A day after angry tweets and news conferences derailed the emergency insulin issue, Gov. Tim Walz and lawmakers turned down the heat on each other Friday.

After a 30-minute closed-door meeting, they had no deal, few specifics, but a plan to talk more. An answer on insulin access has evaded lawmakers all year.

“There’s no daylight between us on doing what’s right for Minnesota,” Walz told reporters at a joint news conference with state Sen. Eric Pratt, R-Prior Lake, and state Rep. Mike Howard, DFL-Richfield.

The House and Senate have different plans to deliver expensive, life-saving insulin to diabetics in need. But House Democrats say Senate Republicans’ proposal falls short because it doesn’t allow diabetics to get emergency access to the drug if their supply runs out.

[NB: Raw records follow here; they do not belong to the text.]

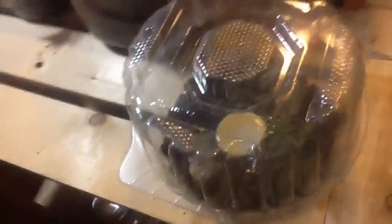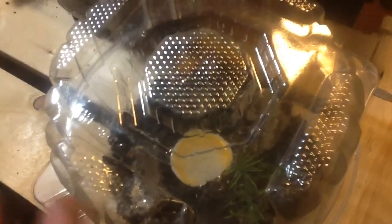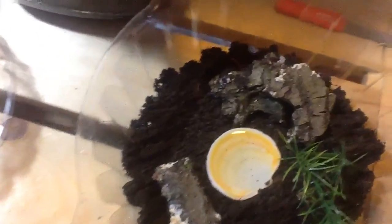Hey guys, what's up? It's TheCentipedeGuy here. This is following my tour of my inverts, but I actually wasn't able to show my fifth one last time because they were burrowed. I call these two Mr. and Mrs. — they're male and female.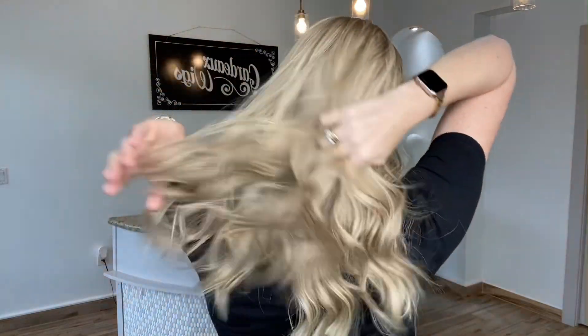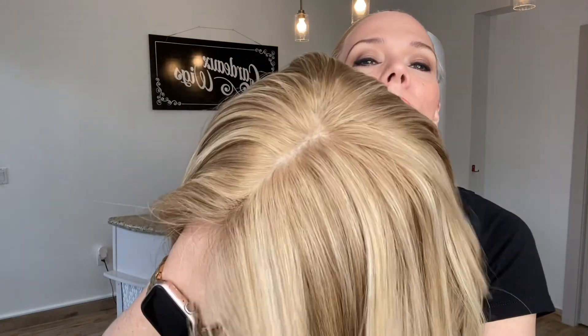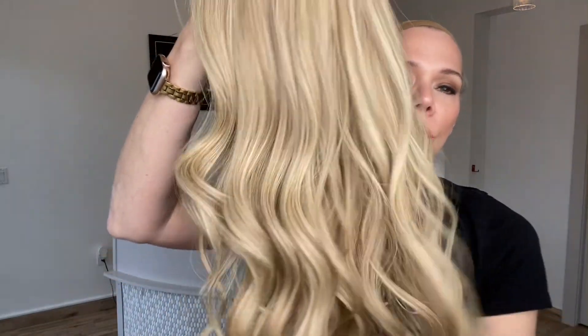It has a silk top lace front and beautiful deluxe Mongolian hair. This has a dark blonde and a light blonde throughout, which makes it a medium blonde wig.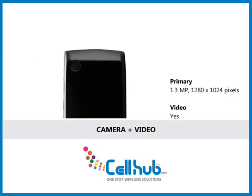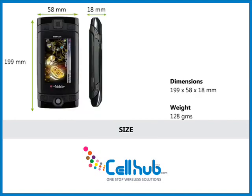It is equipped with a 1.3 megapixel camera with resolution of 1280 x 1024 pixels. The user can upload images and videos to YouTube and other sites through wireless connections. It easily fits into the user's pocket with dimensions of 119 x 58 x 18 mm and weighs 128 grams.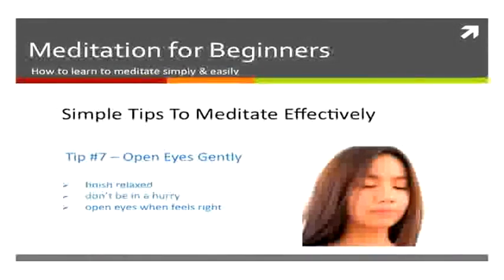Finally, when you're finished, open your eyes gently. Don't bolt them open — finish gently and slowly come back into reality.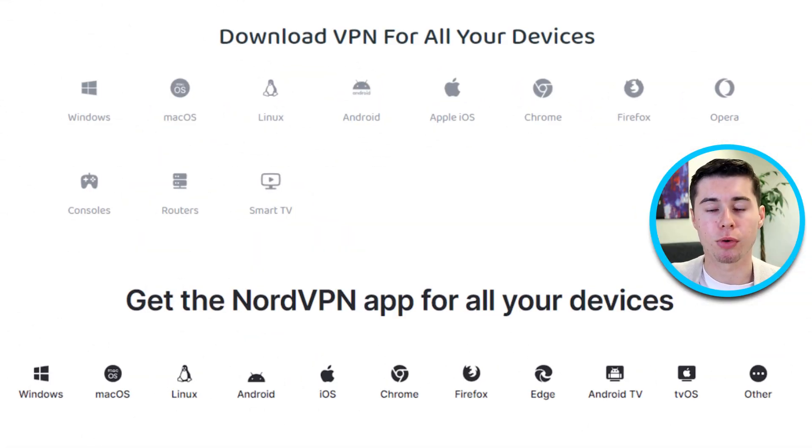When it comes to compatibility, both NordVPN and PIA VPN have you covered across the board. They provide user-friendly applications for all the popular operating systems like Windows, Mac, iOS, and Android, ensuring that you can use their VPN services easily whether you're on your computer or mobile device. Whether you prefer browsing on your PC or scrolling through apps on your smartphone, both NordVPN and PIA VPN have apps created to meet your needs.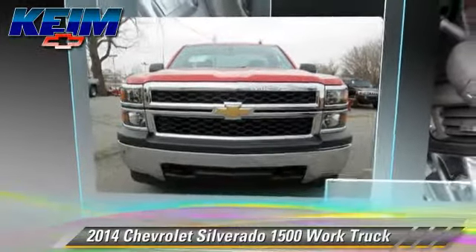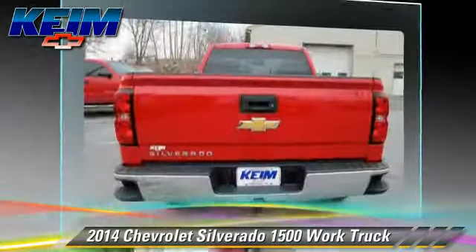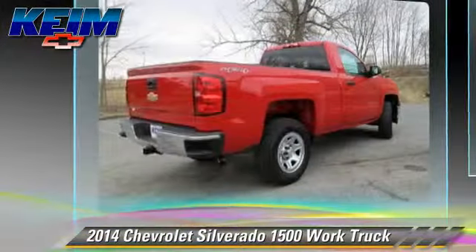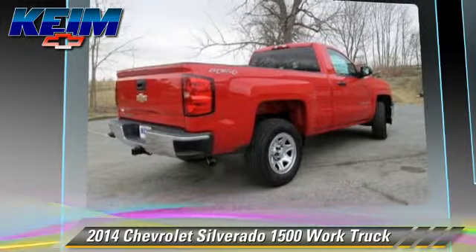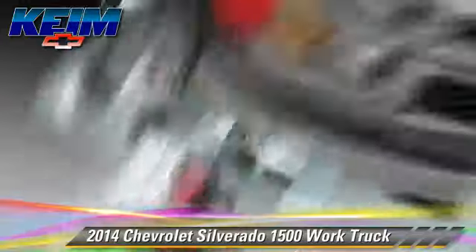The 2014 Chevrolet Silverado 1500. This is a pickup truck powered by a V6 4.3-liter engine with a six-speed automatic transmission. This pickup truck is well equipped.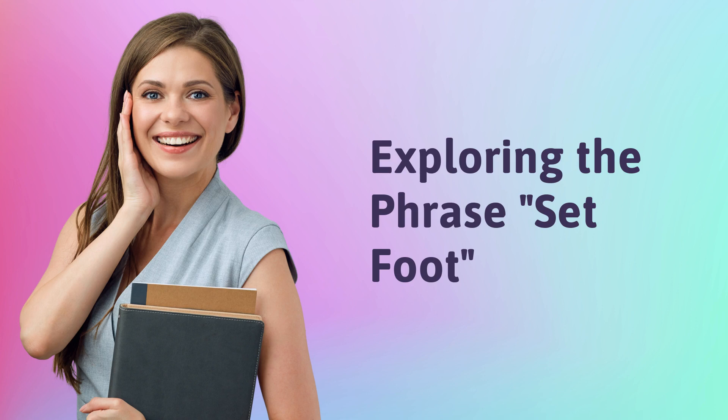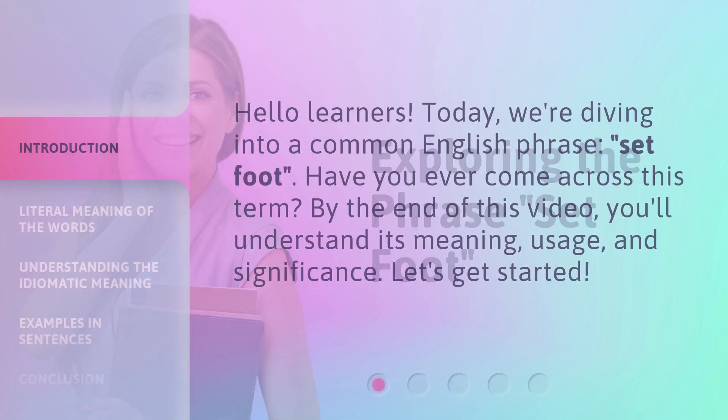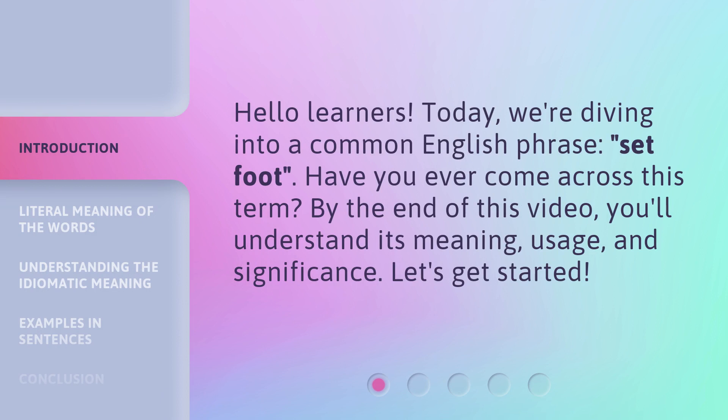Exploring the phrase: set foot. Hello learners. Today we're diving into a common English phrase, set foot. Have you ever come across this term? By the end of this video, you'll understand its meaning, usage, and significance. Let's get started.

Howard said he, Pratt and Walz agreed to merge parts of both plans and involve the insulin manufacturers in some way. Right now, Senate Republicans’ proposal forces drug companies to provide a year’s supply of free insulin to certain diabetics. House Democrats’ plan imposes a fee on drug companies to pay for a new emergency insulin access program.

“We sort of keep clearing these hurdles about our big goals. Now we just have to get across the table, work to merge these two bills, and get something accomplished,” Howard said.

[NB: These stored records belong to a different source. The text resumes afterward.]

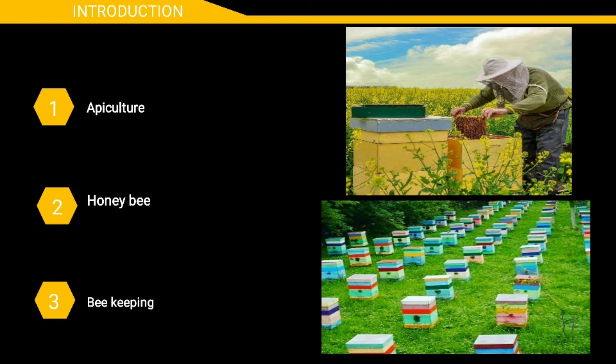Apiculture involves the use of artificial hives discovered by Longstroth in 1961. These hives provide facility for constructing comb by honey bees, which are removed for the extraction of honey.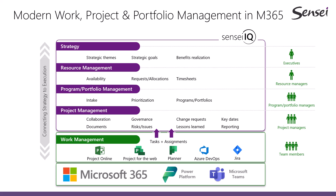And regardless of which tools are used for work management, you now have a standard approach to governance, risks, issues, intake, resource requests, and much more.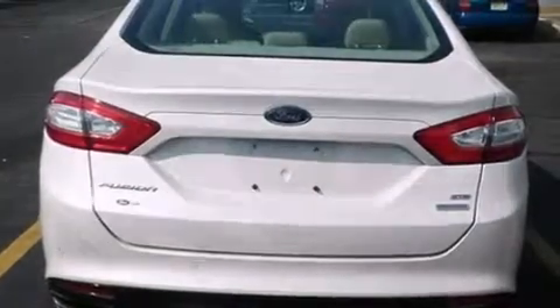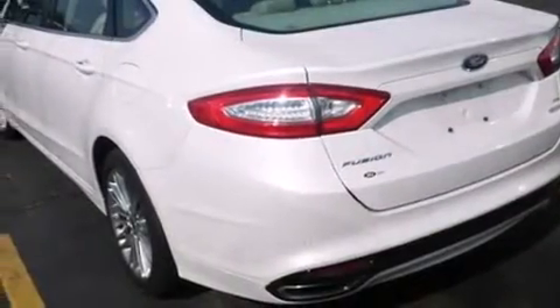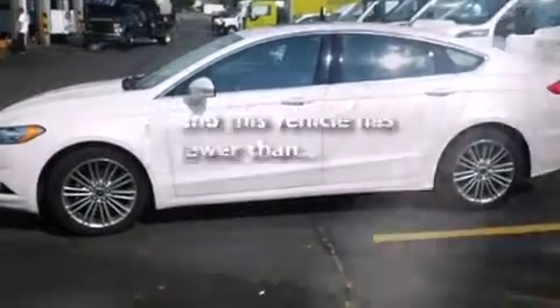Air conditioning, a rear window defroster, tinted glass, dusk sensing headlights, speed sensitive wipers. And this vehicle has less than 18,000 miles.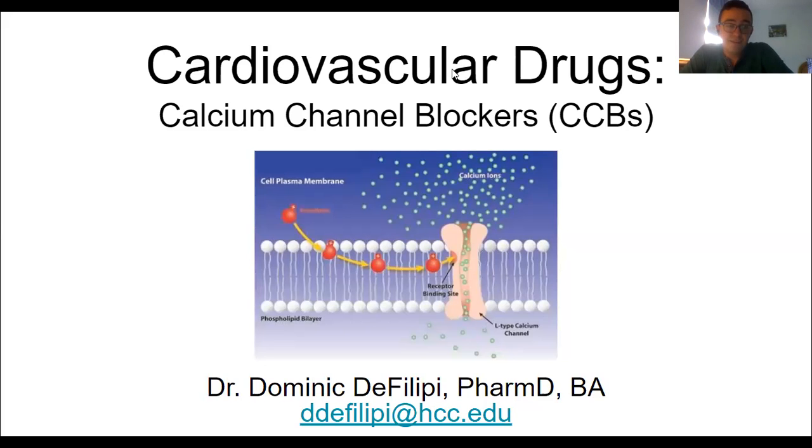Hey everyone, so today we are talking about calcium channel blockers or CCBs as part of our cardiovascular drug series. Now don't let this picture scare you, I'm going to break it down for you. You don't all have to be molecular biologists to know what's going on with our calcium channels.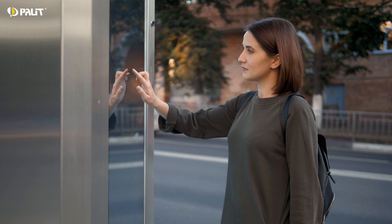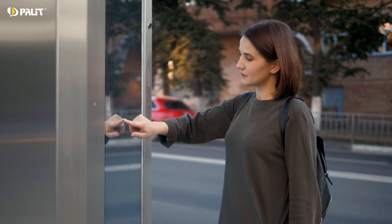In retail applications, Pandora can power interactive digital signage in convenience stores or vending machines, delivering personalized content and enhancing the customer experience.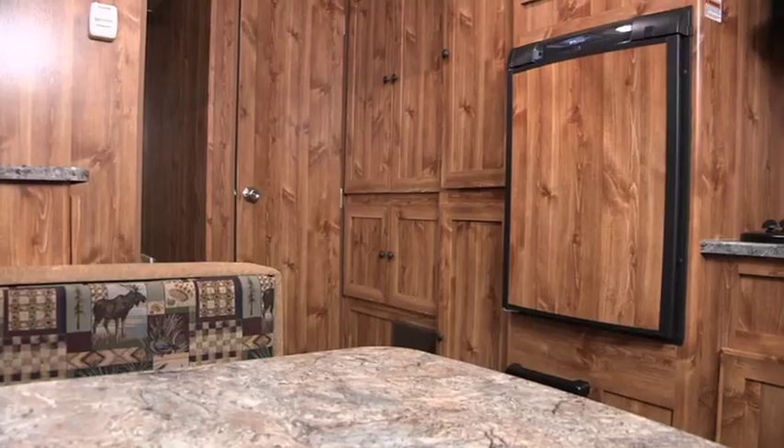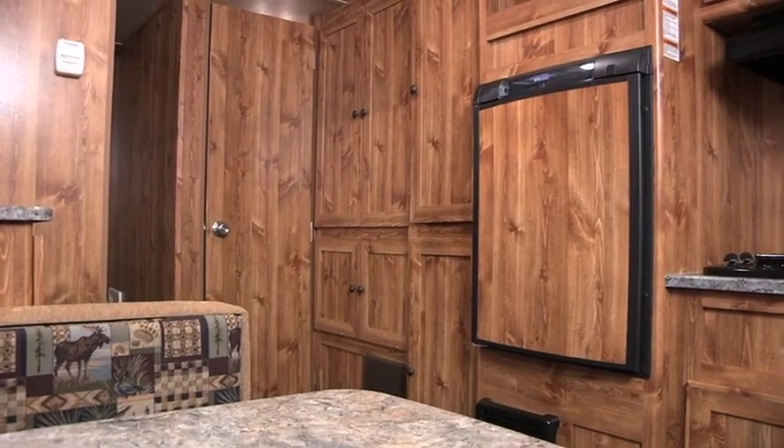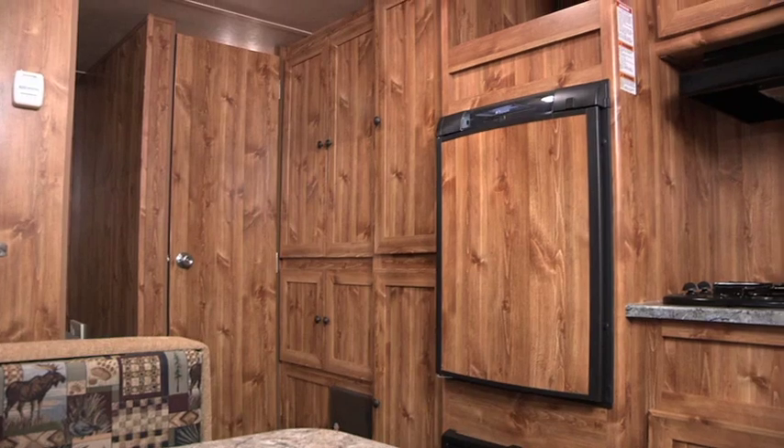Isn't this incredible? It's like having your own cabin on wheels. The folks at Springdale call it the Fireside Weekender Interior. This has to be one of the most unique interiors I've seen here at the show.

Lawmakers said they planned to assemble a working group next week to start the process. But they could not name who would be on the working group or whether it would be limited to lawmakers. They also said the first meeting likely won’t be public.

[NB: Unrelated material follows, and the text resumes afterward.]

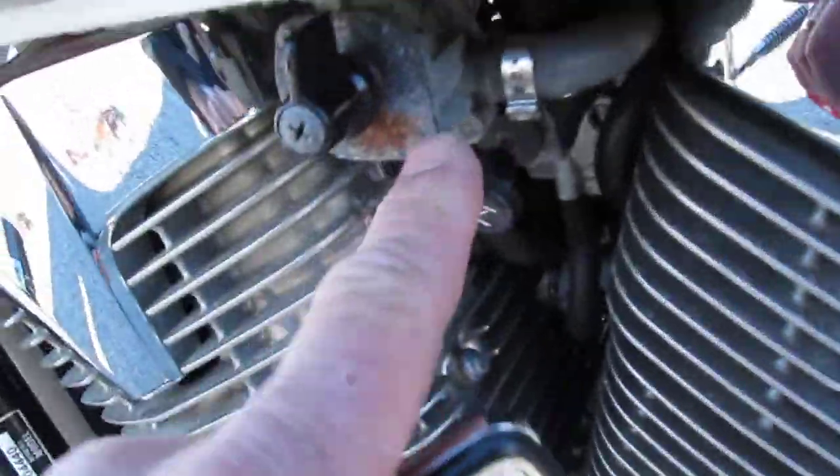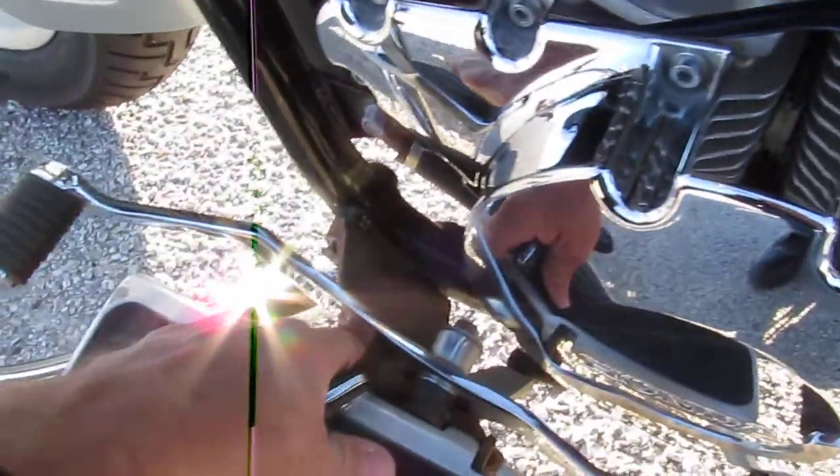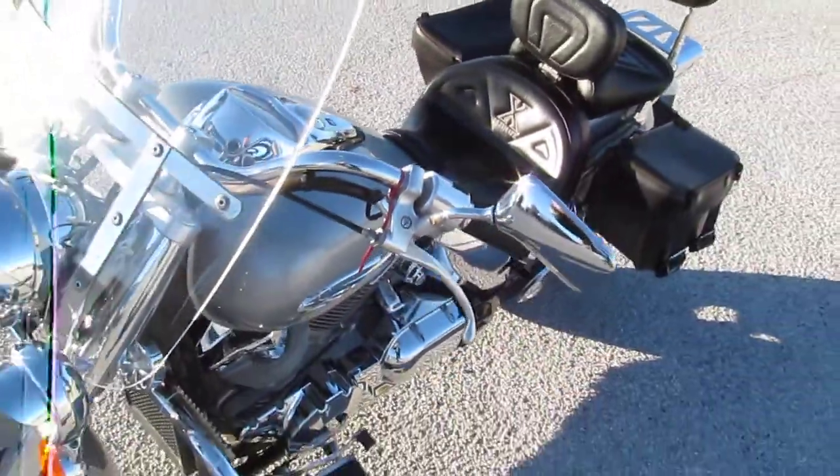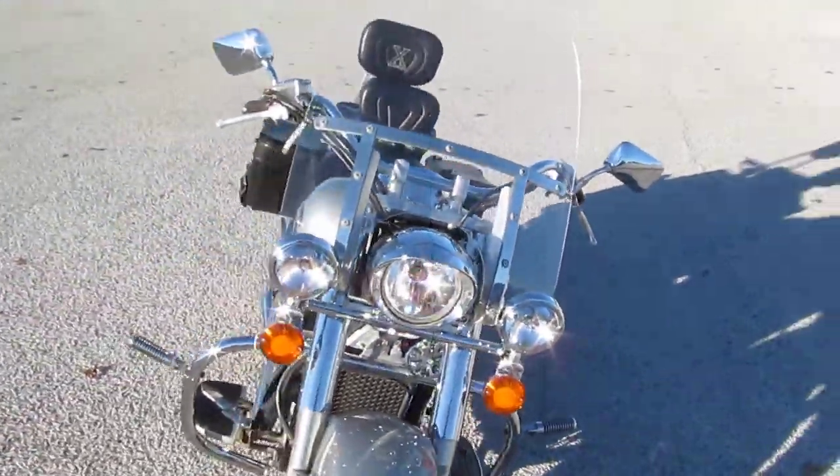But you can see here, there are just little signs of corrosion around — like even here down on the floorboard, just different spots. But the bike is in great mechanical condition. It is a shaft drive bike and it's ready to hit the road.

A similar working group didn’t work very well this summer: it broke up without producing a compromise plan.

“I’m very optimistic that this is different,” Walz said, when asked why Minnesotans should be any more confident this time. 

Hundreds of thousands of Minnesotans have diabetes. Those who are uninsured or underinsured must come up with hundreds – if not thousands – of dollars per month to afford insulin and other diabetic supplies.

The issue has become a political football. House Democrats were upset when Senate Republicans blocked their proposal during the 2019 legislative session. Republicans have grown frustrated by a Walz campaign fundraising appeal that centers around the insulin issue.

Thursday, Walz held a news conference to press Republicans back to the bargaining table. But the first-term Democratic governor grew frustrated as GOP senators started tweeting at him, accusing him of not wanting to meet over the issue. 

Friday’s meeting cleared the air, the three participants said. The sides said they’re willing to hold a special session to pass legislation.

“We’re starting from a clean slate. We’re going to craft a bipartisan bill that’s going take elements of the emergency insulin bill, of the longer-term insulin affordability bill, and try to find areas that we agree upon,” Pratt said.